• _EXERCISE OBJECTIVE_
Without copying any picture, transcribe exactly the lines of the data below from the one containing "View of Chinatown gateway in Ottawa" through the one containing "Черен бар стол".

• _DATASET RECORDS_
===

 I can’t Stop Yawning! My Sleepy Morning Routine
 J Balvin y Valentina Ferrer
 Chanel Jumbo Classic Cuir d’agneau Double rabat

===

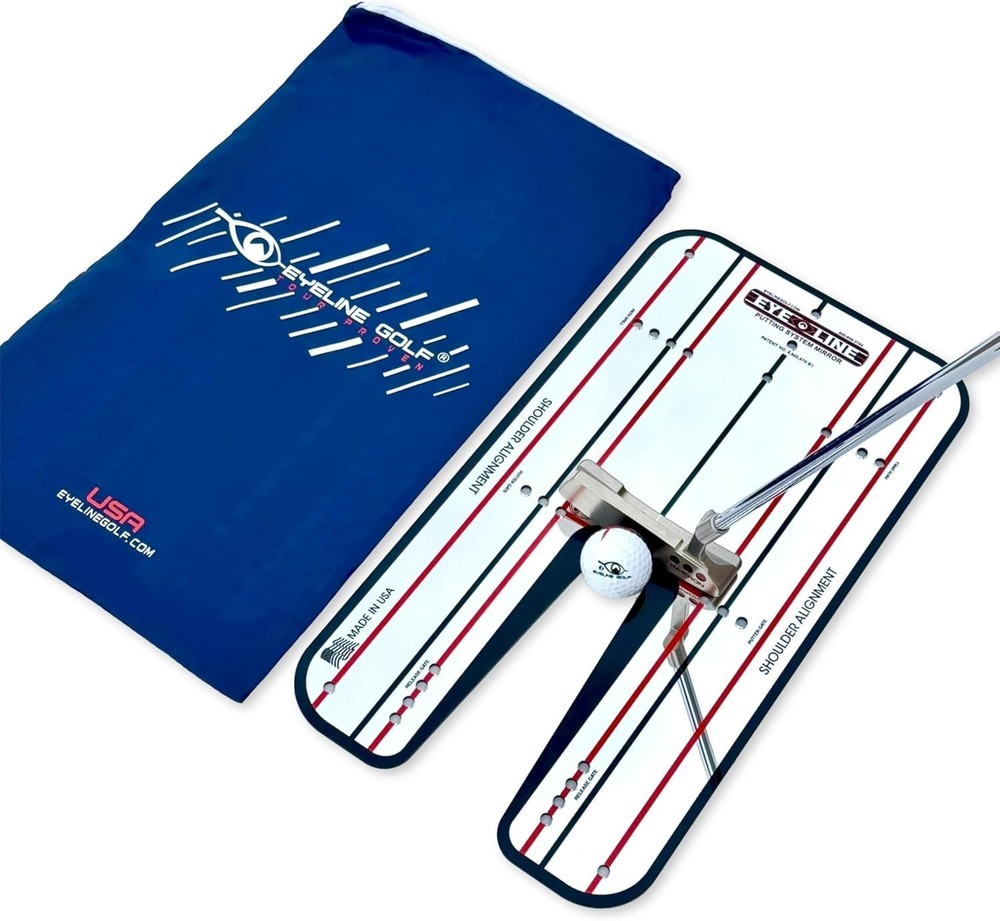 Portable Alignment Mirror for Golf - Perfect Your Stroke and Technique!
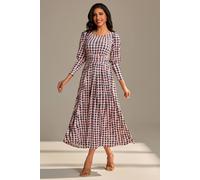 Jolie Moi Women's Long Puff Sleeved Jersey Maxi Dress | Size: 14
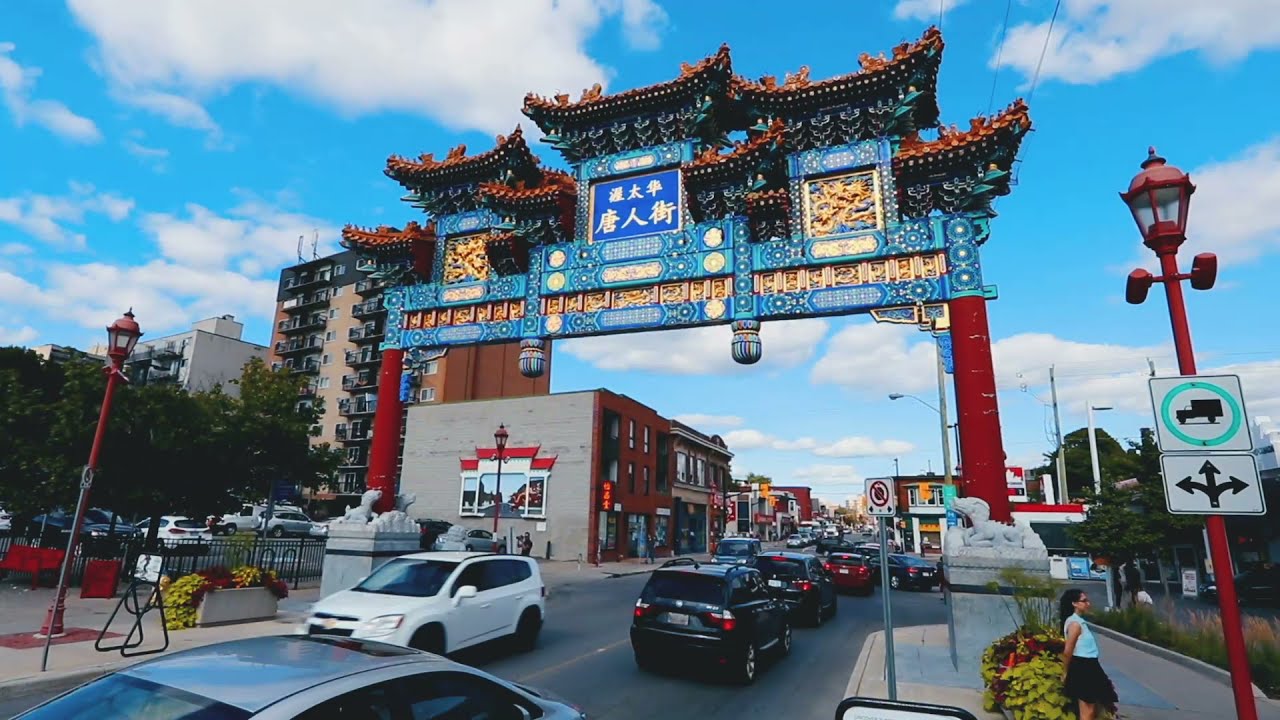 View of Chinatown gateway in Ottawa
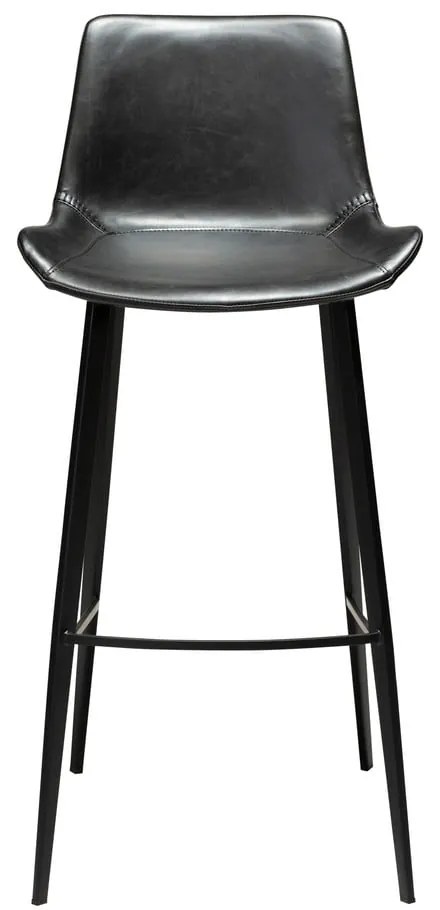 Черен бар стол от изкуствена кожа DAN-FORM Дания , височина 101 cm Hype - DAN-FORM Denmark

===

• _EXPECTED ANSWER_
 View of Chinatown gateway in Ottawa
 Черен бар стол от изкуствена кожа DAN-FORM Дания , височина 101 cm Hype - DAN-FORM Denmark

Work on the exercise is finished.